As usual, using nonmember/2 requires defining neq/2, in this
case for node names. We can do that in the usual way, with a
collection of unit clauses like ``neq(a,b).'' and so forth. But
neq/2, like any binary relation, can be seen as defining a
graph. This graph has the same set of nodes as the original graph of
figure 7.3, but different arcs. There is an arc between
two nodes in the ``neq-graph'' whenever they are different
nodes. Note that this relation is symmetric, and so technically the
neq-graph is our first example of an undirected graph, but
we can still use the same adjacency list representation scheme, as
follows.
neq( Node1, Node2 ) :-
neq_arcs( Node1, L ),
member( Node2, L ).
neq_arcs( a, [b,c,d] ).
neq_arcs( b, [a,c,d] ).
neq_arcs( c, [a,b,d] ).
neq_arcs( d, [a,b,c] ).
With this code in place, we can now safely search in a graph, even
when it contains cycles.
This approach works well when the graph is represented as a Prolog
program, with an arcs/2 predicate defined by a collection of unit
clauses. There is another even neater approach which we can apply when we
represent our graphs using adjacency lists. This approach uses
select/3 to mark a node as visited by actually
removing that node from the graph. Suppose, then, that our
graph is encoded as an instance of the graph/1 predicate.
graph( 1, [a/[b,c],
b/[a,d],
c/[b],
d/[]
] ).
(This technique is very useful in general for encoding a set of test
data, especially when the data involve very complex Prolog terms.)
Now we want to define a path/4 predicate so that we can issue
queries like
?- graph( G ), path( a, d, G, P ).
Accordingly, we reimplement path so that it includes an argument position
for the graph itself.
path( From, To, Graph, [From|Path] ) :-
p( From, To, Graph, Path ).
p( X, Y, _G, [] ) :- X = Y.
p( X, Y, G, [Z|P] ) :-
select( X/Arcs, G, SmallerG ),
member( Z, Arcs ),
p( Z, Y, SmallerG, P ).
Note that each time through the recursive clause of p/4 we reduce
the size of the graph by removing one adjacency record from
it. The select/3 predicate fails when its list argument is empty,
so we can only call clause 2 a finite number of times before it fails
to apply, and clause 1 is
nonrecursive, so we can only call it once in any case.
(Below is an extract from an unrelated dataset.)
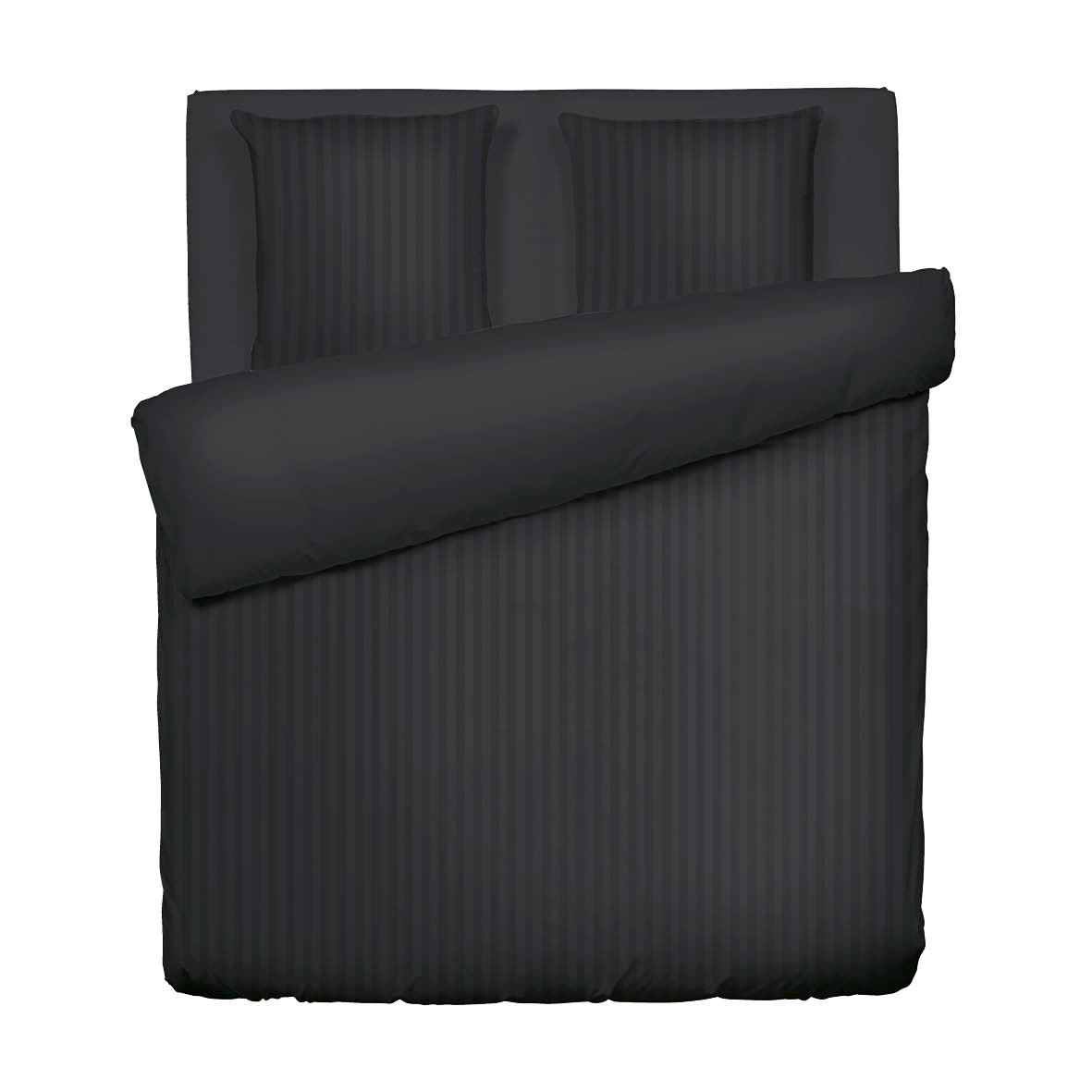 Housse de couette + taie(s) d’oreiller satin de coton rayure tissé dobby - Noir - 200 x 220 cm + 2 x (80 x 80 cm)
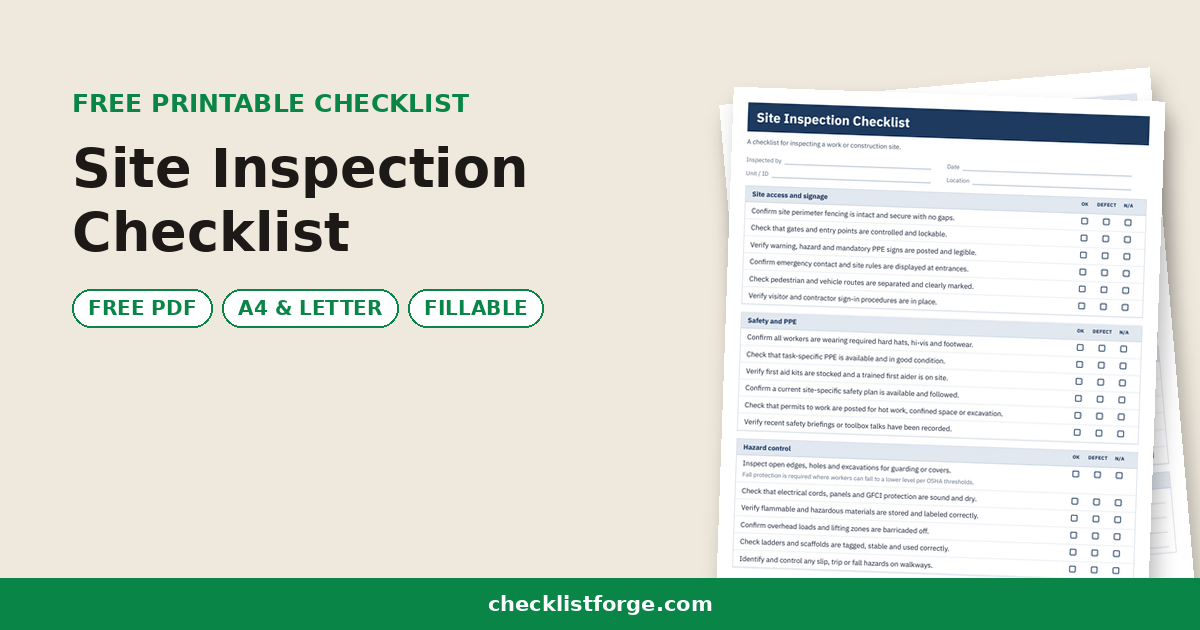 Site Inspection Checklist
So no matter which clause of p/4 Prolog selects, the recursion
is bound to terminate. From this one sees immediately that we cannot
possibly get caught in a loop: that would contradict the theorem that
this program is bound to terminate.
Now we can use the same logic to reimplement our depth first traversal
predicate so that it handles (rooted) cyclic graphs. The only
essential difference comes from the fact that this is a traversal
predicate rather than a search predicate. With p/4, if the
call to select/3 fails (the node has already been visited),
then the whole call to p/4 fails, we backtrack and try to
find a different path. With dft/4
, if the call to
select/3 fails, we must simply ignore that node and
continue. Therefore we need a call to nonmember_/2
so as to
be certain that we only ignore nodes that we really have already
visited. Similarly, where p/4 calls member/2 to
nondeterministically select one way to extend its current path,
dft/4 must execute a recursion on the entire list of
neighbors, so as to check all ways to traverse the graph.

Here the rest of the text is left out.